Neither the iPhone nor the Pre support Flash video or other Flash content. This, in my view, is for the best, because playing Flash content drains the battery on even a powerful laptop. If it were supported on a phone the battery would be unlikely to last even a single day. Apple, also, seem to be actively avoiding Flash, and are instead putting their weight behind HTML 5 and the additional rendering and animation capabilities that it brings with it.

Designing for Mobile Browsers

Because of the sophistication of the browsers in modern phones, you don’t really have to do a lot to modify your content to work well on them. JavaScript and CSS support in Mobile Safari is as good as it is in Safari 4 on the desktop. Obviously, try not to use frames, for all the same reasons that they are troublesome for on the desktop. Beyond that, the main things to watch out for are column width and button size.

Try to keep your columns no wider than 900 pixels. Any more than that and the reader will not be able to make the text bigger without having to continually scroll the text left and right to read it. They could also activate landscape mode to get more horizontal space (by turning the phone sideways) but this is not ideal.

Web page buttons should be big, and spaced reasonably far apart. Mobile browsers allow the user to zoom in close to page elements by double-tapping on them, but if the buttons are still smaller than the average person’s fingertip after they’ve been zoomed in, there’s still a chance that the button beside it will get activated.

Some tricks in the following section can help you customise your page for iPhone users.

iPhone tweaks

Since there are so many iPhones being used around the world, it pays off to give it a little extra attention. Combined with the iPod touch, which runs the same software, there are over 40 million devices running the iPhone OS, as of June 2009. That’s a whole lot of potential visitors.

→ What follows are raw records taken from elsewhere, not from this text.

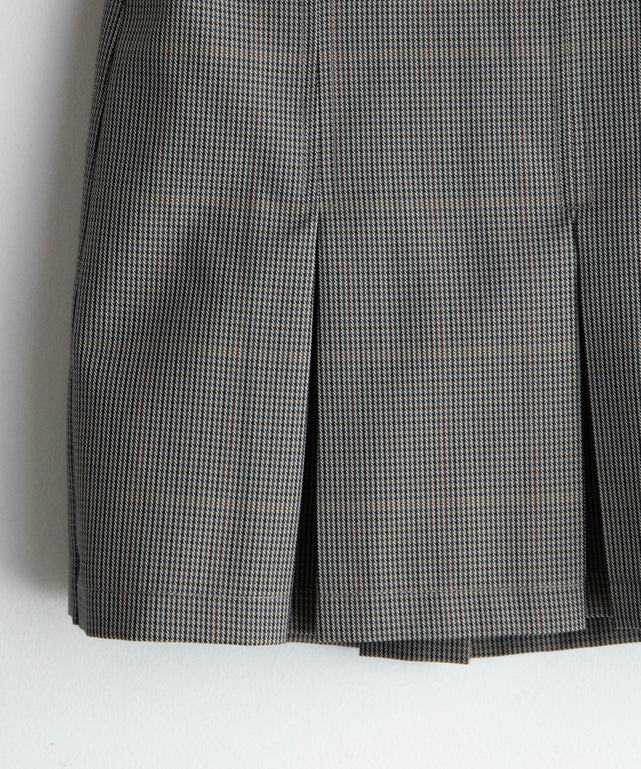 ベルト付プリーツミニスカパン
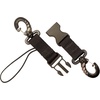 image:imageScuba Clips Lanyard with Dual Clips and Quick Release Buckle Scuba Accessory for Diving Dive Clip for Equipment EssentialsBlack
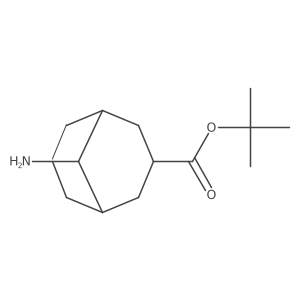 Tert-butyl 9-aminobicyclo[3.3.1]nonane-3-carboxylate结构式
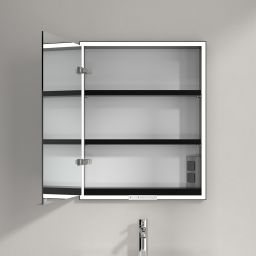 Villeroy & Boch My View+ szafka 60x16,8x75 cm z lustrem do zabudowy lewa aluminium B4826L00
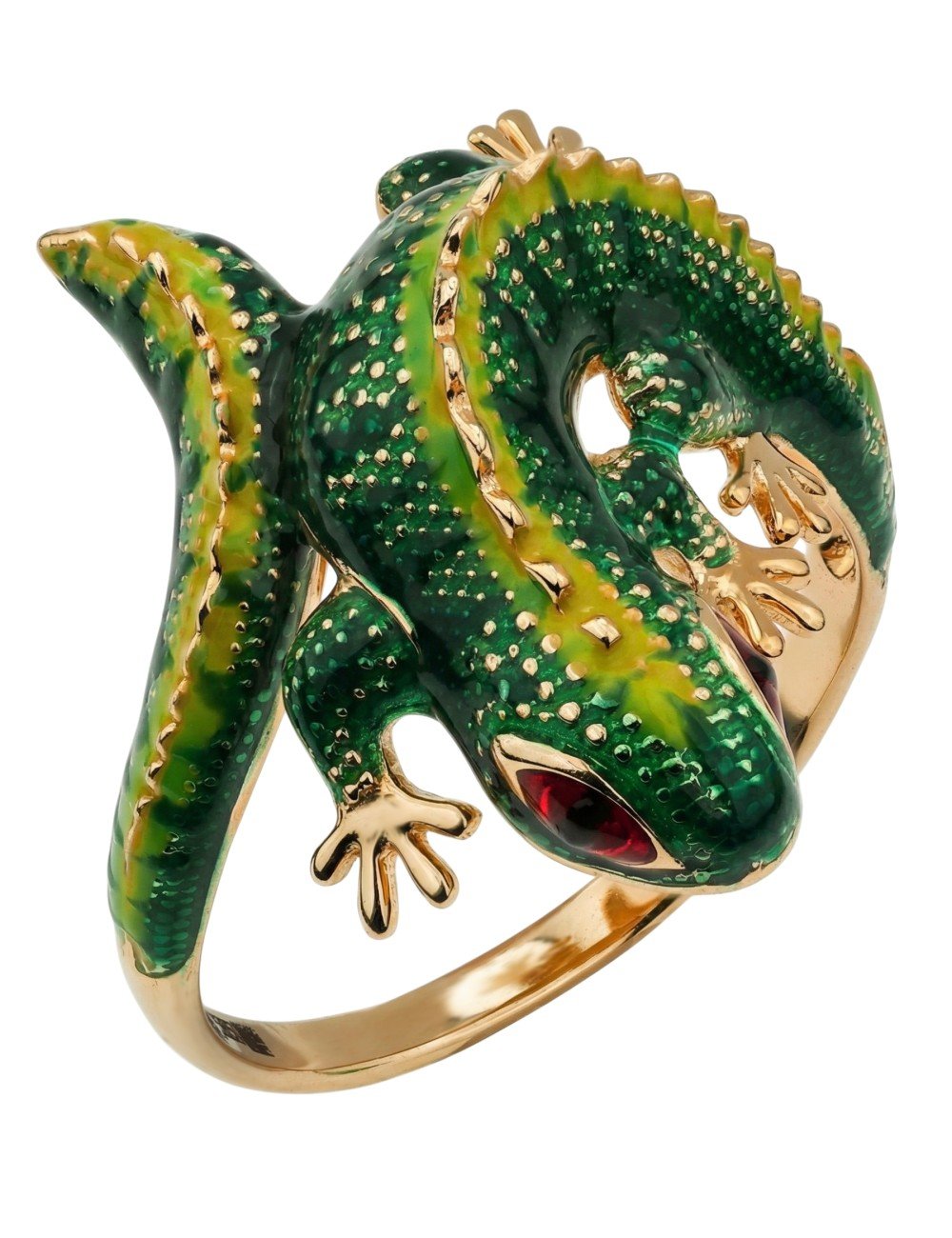 Кольцо из золота c эмалью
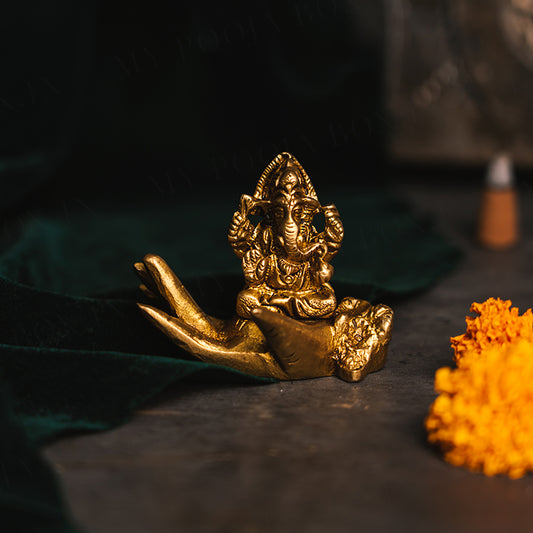 Petite Brass Ganesha Showpiece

When your page is loaded in, the iPhone displays it as if the page is 980 pixels wide. If your page is designed to be any narrower (if, for example, it was designed to fit within 800 pixels like this site was), this will result in it loading in a little smaller than it needs to be. To tell the iPhone that your page is a certain size, add this one line of code to the head of your HTML page:

<meta name="viewport" content="width=780">

In this case, my layout is 770 pixels wide, so I tell Mobile Safari to zoom in on the layout to show 780 pixels. This uses up all the available space on the screen with a tiny gap on the edges, as seen below:

HTML Source, as seen on an iPhone.

This is readable as it is, and the user can double-tap on either the main content area on the left or on the navigation area on the right to zoom in and read them more easily, or to make the links easier to click on.

Detecting iPhones

If you want to detect an iPhone, and serve content specifically to iPhone and iPod touch users, you can check the browser’s user agent string, which is an identifier that the browser sends to a server when it is asking to view a file. The iPhone’s user agent string is reported as something like this:

HTTP_USER_AGENT=Mozilla/5.0 (iPhone; U; CPU like Mac OS X; en)
AppleWebKit/420+ (KHTML, like Gecko) Version/3.0 Mobile/1C25 Safari/419.3

As you can see, it includes the word “iPhone” in there, as well as saying that the browser uses the same KHTML rendering engine as Safari on the desktop. Using JavaScript, we can check for the presence of this text and then make the page behave differently using this browser detect:

var agent = navigator.userAgent.toLowerCase();
var is_iphone = ((agent.indexOf('iphone') != -1);
if (is_iphone) {
    // do something here

It’s wise not to do too much here that is specific to a certain mobile phone, especially as more devices are coming onto the market with similar functionality. But a few little touches here and there are always welcome.